The 42-year-old Lee, who was the oldest active player until Saturday, decided to hang up his jersey after 19 years in professional baseball. The Tigers confirmed late Saturday night that Lee made his decision after meeting with the coaching staff.

“I haven’t thought about what to do next,” Lee said through his team. “I will take a rest for a while and then have a press conference.”

It was a surprise decision since players usually announce their retirement right after the season. In fact, Lee has been travelling with the Tigers during spring training and had four hits in 12 at-bats during the preseason games.

Lee said he made the decision after he found out that he will not make it on the first-team roster this season.

It was reported that the Tigers’ coaching staff had discussed including Lee on the opening game’s roster, but in the end decided to leave the veteran out.

Chief assistant coach Lee Soonchul told the outfielder about the decision on Friday and asked him to start the season in the minor league or as a “playing assistant coach,” which is a position that allows a player to coach and play at the same time.

Lee then requested a meeting with Tigers manager Sun Dong-yol to discuss his future.

But Sun, who became the Tigers manager last October, reportedly supported the decision of his coaching staff. Lee then talked with general manger Kim Cho-ho late Saturday night.

At the meeting, the Tigers offered Lee support for an overseas coaching program, promising to keep this year’s salary.
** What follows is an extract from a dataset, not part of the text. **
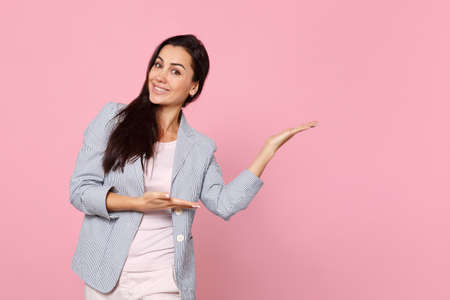 Portrait of attractive smiling young woman in striped jacket pointing hands aside isolated on pink pastel wall background in studio. People sincere emotions, lifestyle concept. Mock up copy spaceの写真素材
But it was reported that the veteran was still disappointed with the club’s decision. Lee moved to Seoul after Saturday’s meetings and didn’t travel with the club for their last preseason game against the Hanwha Eagles in Gwangju yesterday.

Tigers manager Sun said yesterday that he understands how Lee must feel at this moment, but was still disappointed that Lee announced the news abruptly without working closely with the club.
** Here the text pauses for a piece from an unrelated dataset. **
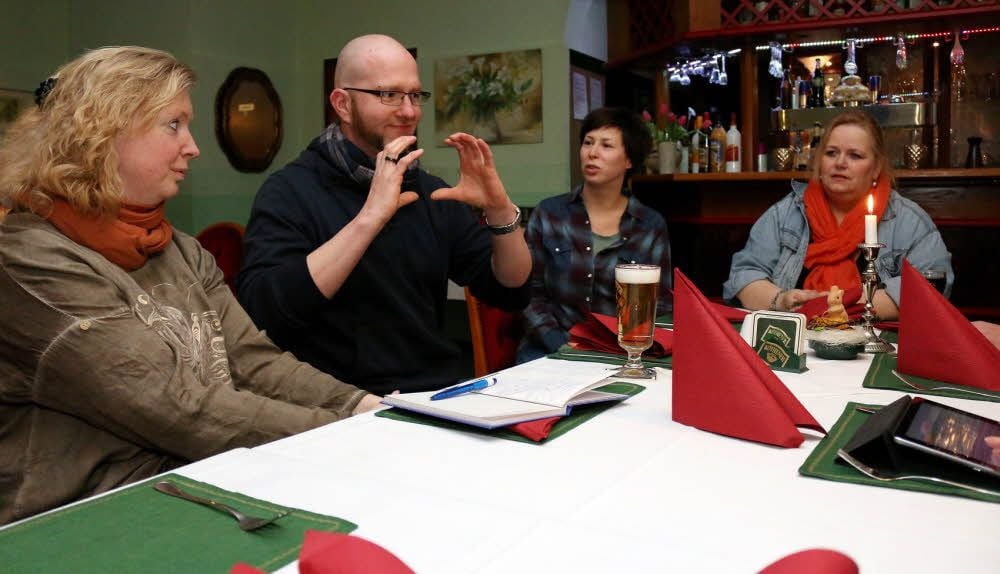 Im Gespräch bringt Henry Niekrawietz den Teilnehmern des Stammtischs einige Gebärden bei. Seine Ehefrau (3.v.l.) hilft bei Verständigungsproblemen. Sandra Niekrawietz ist nicht gehörlos. Sie beherrscht die Gebärdensprache dennoch perfekt.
“I know he is having a difficult time,” Sun said. “But if he had taken more time and cooperated with the club to announce his retirement, it would have been better. It was not wise for him to act in such a hurry.”
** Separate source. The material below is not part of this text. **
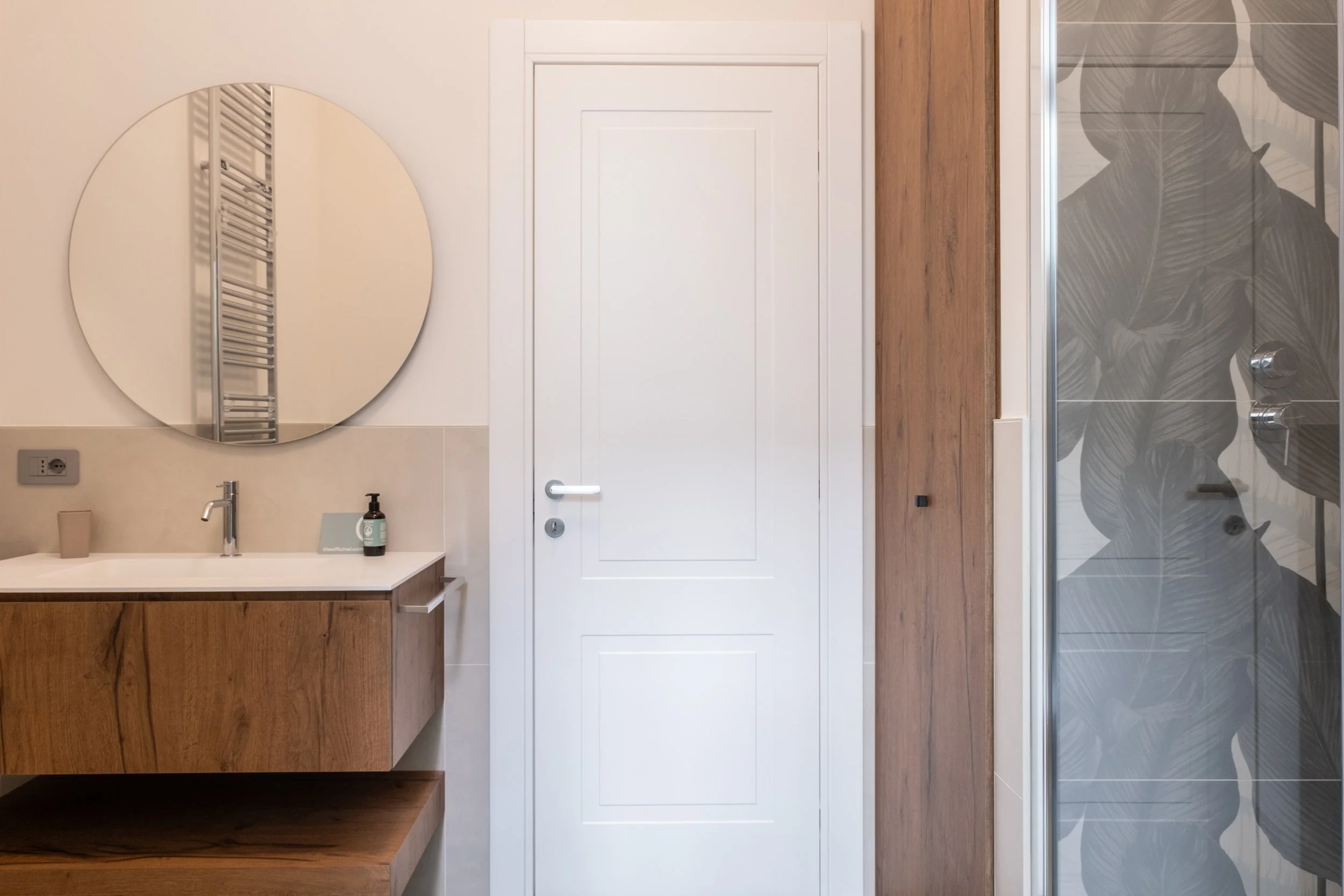 Bagno con mobile in legno, grande specchio tondo e cabina doccia con pareti decorate con foglie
The 49-year-old manager played with Lee for three seasons with the Haitai Tigers, now the Kia Tigers, and two seasons with the Chunichi Dragons in Japan. Both played pivotal roles in the Tigers’ 1993 championship season.

But the former Tigers star pitcher said he had to treat every player equally when making business decisions for the club. In fact, Sun already has a history of pushing out veterans, with slugger Yang Jun-hyuk’s retirement in 2010 when he was in charge of the Samsung Lions.

“Regardless of age, my principle in forming the roster is based on each player’s performance,” Sun said. “Lee had said from the beginning that he wanted to be evaluated by his performance, but based on his current form, I thought he just wouldn’t last longer on the first team.”

After hearing the news, some Tigers fans rushed to the club’s official Web site and blamed Sun and the club for forcing the fan favorite into retirement.

“I thought this news was a joke,” one fan named Song Jong-keun wrote on the team’s online bulletin board. “If the club was going to retire him, why bring him to spring training? I can’t believe they treat a legend like this.”

Lee was the Korea Series MVP in his debut season in 1993 and exploded in his sophomore year by winning the league MVP award, leading the league in batting average (.393), runs (113), hits (196) and steals (84). His records for most hits and steals in a single season still stand.

After leading the Tigers to two more titles in 1996 and 1997, Lee went to Nippon Professional Baseball after signing with the Dragons, becoming the first batter to go to NPB directly from the KBO. However, his career in Japan was not impressive, suffering a crippling elbow injury.

The six-time Golden Glove winner ends his career with a .297 batting average, 1797 hits, 194 home runs and 510 steals in the KBO.